「あのドキュメンタリー動画なら、私も見ました」――

 中国の友人らが口々に「見た」と言うのは、今年3月、PM2.5問題を取り上げたネット映像「穹頂之下(Under the Dome)」だ。中国の女性記者が中国の大気汚染の実態について私財を擲って取材したもので、今年2月28日、動画は「人民網」で104分にわたって放映された。

 中国では多くの人々がドキュメンタリー動画を観た。わずか1日で中国本土での再生回数は1億5500万回を超えたとも言われ、予想以上に中国社会に大きな波紋をもたらした。

中国各地の工場から排出されるばい煙が大気を汚染

「PM2.5問題は人災だ」と結論付けたこのドキュメンタリーは、その後、当局による削除に遭ったのだろう。全人代開幕直後の3月5日以降、掲載サイトの人民網から姿を消してしまった。

「穹頂之下」は、中国在住の一部の日本人の間でも話題になった。中国に在住する北岡峰幸さん(65歳)は、この映像を見て衝撃を受けたひとりだ。筆者の連絡先を探し出し、メールでこう伝えてくれた。

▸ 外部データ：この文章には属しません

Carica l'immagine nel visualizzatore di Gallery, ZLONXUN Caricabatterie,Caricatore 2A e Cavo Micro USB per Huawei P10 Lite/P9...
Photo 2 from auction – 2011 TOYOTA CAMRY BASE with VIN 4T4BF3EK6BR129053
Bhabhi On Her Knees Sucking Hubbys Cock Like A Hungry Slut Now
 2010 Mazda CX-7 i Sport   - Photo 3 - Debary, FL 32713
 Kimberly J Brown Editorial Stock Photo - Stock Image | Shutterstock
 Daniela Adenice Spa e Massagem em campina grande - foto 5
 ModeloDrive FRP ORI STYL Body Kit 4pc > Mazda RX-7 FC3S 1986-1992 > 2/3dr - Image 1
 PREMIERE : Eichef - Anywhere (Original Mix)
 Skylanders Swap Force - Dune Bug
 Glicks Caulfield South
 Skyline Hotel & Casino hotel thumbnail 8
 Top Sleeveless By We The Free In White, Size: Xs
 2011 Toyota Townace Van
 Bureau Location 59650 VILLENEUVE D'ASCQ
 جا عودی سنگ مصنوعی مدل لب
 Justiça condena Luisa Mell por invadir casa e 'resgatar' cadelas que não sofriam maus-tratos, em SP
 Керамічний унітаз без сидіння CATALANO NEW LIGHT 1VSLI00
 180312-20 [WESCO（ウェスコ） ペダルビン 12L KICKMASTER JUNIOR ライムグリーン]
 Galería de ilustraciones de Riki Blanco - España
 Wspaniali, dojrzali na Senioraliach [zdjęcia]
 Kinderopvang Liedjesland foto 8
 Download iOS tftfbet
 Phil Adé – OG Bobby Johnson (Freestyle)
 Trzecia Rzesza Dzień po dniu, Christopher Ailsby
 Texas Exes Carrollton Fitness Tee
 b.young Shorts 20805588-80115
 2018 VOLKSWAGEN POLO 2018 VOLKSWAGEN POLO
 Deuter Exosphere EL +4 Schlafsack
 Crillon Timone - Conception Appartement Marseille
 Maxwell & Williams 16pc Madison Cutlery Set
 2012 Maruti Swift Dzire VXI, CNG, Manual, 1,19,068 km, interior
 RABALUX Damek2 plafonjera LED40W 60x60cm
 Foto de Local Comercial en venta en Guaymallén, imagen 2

「私もたった今この映像を見ました。中国のPM2.5問題、国外からも応援の報道を伝えれば、健全な中国化に対する応援ができるのではないでしょうか」

 PM2.5の原因についてはさまざまな憶測が飛んだが、この報道によりそのひとつひとつが明らかになってきた。果たして「応援の報道」となるかどうかは未知数だが、少なくとも映像の内容を日本人にも知ってもらう価値はある。同映像をプロデュースし、キャスターも務めた女性記者・柴静のレポートを、この原稿で再現してみたい。

スモッグによる健康被害は
PM2.5問題のはるか以前から存在

 2013年1月、北京は25日が「雾霾(Wumai、スモッグ)」だった――映像はそんな衝撃的なフレーズから始まった。2014年、中国各地の空気汚染日数を数えた。天津197日、瀋陽152日、成都125日、蘭州112日、石家庄264日。一年の半分以上を家の中で暮らす人は少なくない。

 柴静記者は2013年からPM2.5問題を取材し始めた。浙江省や河南省、江西省を取材で駆けまわるが、北京に戻って妊娠が発覚する。だが、お腹の子どもにはすでに腫瘍があった。「家族が健康でありさえすればいい」と、彼女はCCTV(中国中央電視台)の職を辞した。